* **Dataset items**:

Segment Open

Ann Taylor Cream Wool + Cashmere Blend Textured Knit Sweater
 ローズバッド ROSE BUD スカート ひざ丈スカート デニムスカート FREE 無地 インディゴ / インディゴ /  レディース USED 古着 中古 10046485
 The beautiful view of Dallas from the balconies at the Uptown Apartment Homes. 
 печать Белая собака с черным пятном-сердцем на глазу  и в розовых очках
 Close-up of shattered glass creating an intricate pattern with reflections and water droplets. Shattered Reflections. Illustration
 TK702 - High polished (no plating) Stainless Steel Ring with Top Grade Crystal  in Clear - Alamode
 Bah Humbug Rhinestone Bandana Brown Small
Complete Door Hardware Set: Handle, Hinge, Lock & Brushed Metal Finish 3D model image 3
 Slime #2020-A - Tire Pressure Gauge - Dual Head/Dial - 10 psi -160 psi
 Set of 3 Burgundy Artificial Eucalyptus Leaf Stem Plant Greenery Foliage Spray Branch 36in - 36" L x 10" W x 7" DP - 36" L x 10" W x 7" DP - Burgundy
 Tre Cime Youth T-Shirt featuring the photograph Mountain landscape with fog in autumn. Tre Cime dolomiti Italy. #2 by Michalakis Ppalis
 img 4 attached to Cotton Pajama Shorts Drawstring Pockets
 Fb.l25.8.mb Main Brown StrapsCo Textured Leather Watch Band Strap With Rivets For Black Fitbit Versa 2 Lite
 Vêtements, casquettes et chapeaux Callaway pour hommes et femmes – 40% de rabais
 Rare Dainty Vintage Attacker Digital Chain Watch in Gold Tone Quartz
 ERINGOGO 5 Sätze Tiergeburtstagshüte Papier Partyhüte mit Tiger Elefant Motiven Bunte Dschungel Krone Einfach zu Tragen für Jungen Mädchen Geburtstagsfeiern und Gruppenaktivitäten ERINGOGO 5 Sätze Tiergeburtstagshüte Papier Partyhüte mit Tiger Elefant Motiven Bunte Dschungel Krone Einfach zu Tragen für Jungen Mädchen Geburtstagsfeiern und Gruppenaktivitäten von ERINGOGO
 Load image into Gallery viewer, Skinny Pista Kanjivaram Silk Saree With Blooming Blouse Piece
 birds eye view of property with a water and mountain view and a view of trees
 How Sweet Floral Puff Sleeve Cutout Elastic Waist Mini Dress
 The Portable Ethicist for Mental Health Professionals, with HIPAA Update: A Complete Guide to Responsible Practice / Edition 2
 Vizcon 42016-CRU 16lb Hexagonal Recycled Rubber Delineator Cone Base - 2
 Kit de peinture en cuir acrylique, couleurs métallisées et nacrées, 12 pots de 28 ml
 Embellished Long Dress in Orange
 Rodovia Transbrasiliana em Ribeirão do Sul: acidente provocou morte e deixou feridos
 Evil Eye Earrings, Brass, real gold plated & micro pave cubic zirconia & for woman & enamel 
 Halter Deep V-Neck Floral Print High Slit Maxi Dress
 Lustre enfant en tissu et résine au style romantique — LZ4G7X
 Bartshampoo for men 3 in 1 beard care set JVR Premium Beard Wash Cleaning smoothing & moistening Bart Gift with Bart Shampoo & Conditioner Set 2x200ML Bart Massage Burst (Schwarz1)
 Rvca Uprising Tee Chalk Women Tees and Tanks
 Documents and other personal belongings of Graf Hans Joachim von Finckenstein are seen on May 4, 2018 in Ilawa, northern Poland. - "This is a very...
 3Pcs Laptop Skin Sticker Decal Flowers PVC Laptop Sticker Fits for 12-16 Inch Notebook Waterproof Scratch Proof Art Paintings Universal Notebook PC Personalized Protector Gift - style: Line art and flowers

Segment Closed

Above are records; repeat only the lines starting at the line with "Complete Door Hardware" and ending at the line with "How Sweet Floral", exactly as they appear, both included.

* **Written response**:
Complete Door Hardware Set: Handle, Hinge, Lock & Brushed Metal Finish 3D model image 3
 Slime #2020-A - Tire Pressure Gauge - Dual Head/Dial - 10 psi -160 psi
 Set of 3 Burgundy Artificial Eucalyptus Leaf Stem Plant Greenery Foliage Spray Branch 36in - 36" L x 10" W x 7" DP - 36" L x 10" W x 7" DP - Burgundy
 Tre Cime Youth T-Shirt featuring the photograph Mountain landscape with fog in autumn. Tre Cime dolomiti Italy. #2 by Michalakis Ppalis
 img 4 attached to Cotton Pajama Shorts Drawstring Pockets
 Fb.l25.8.mb Main Brown StrapsCo Textured Leather Watch Band Strap With Rivets For Black Fitbit Versa 2 Lite
 Vêtements, casquettes et chapeaux Callaway pour hommes et femmes – 40% de rabais
 Rare Dainty Vintage Attacker Digital Chain Watch in Gold Tone Quartz
 ERINGOGO 5 Sätze Tiergeburtstagshüte Papier Partyhüte mit Tiger Elefant Motiven Bunte Dschungel Krone Einfach zu Tragen für Jungen Mädchen Geburtstagsfeiern und Gruppenaktivitäten ERINGOGO 5 Sätze Tiergeburtstagshüte Papier Partyhüte mit Tiger Elefant Motiven Bunte Dschungel Krone Einfach zu Tragen für Jungen Mädchen Geburtstagsfeiern und Gruppenaktivitäten von ERINGOGO
 Load image into Gallery viewer, Skinny Pista Kanjivaram Silk Saree With Blooming Blouse Piece
 birds eye view of property with a water and mountain view and a view of trees
 How Sweet Floral Puff Sleeve Cutout Elastic Waist Mini Dress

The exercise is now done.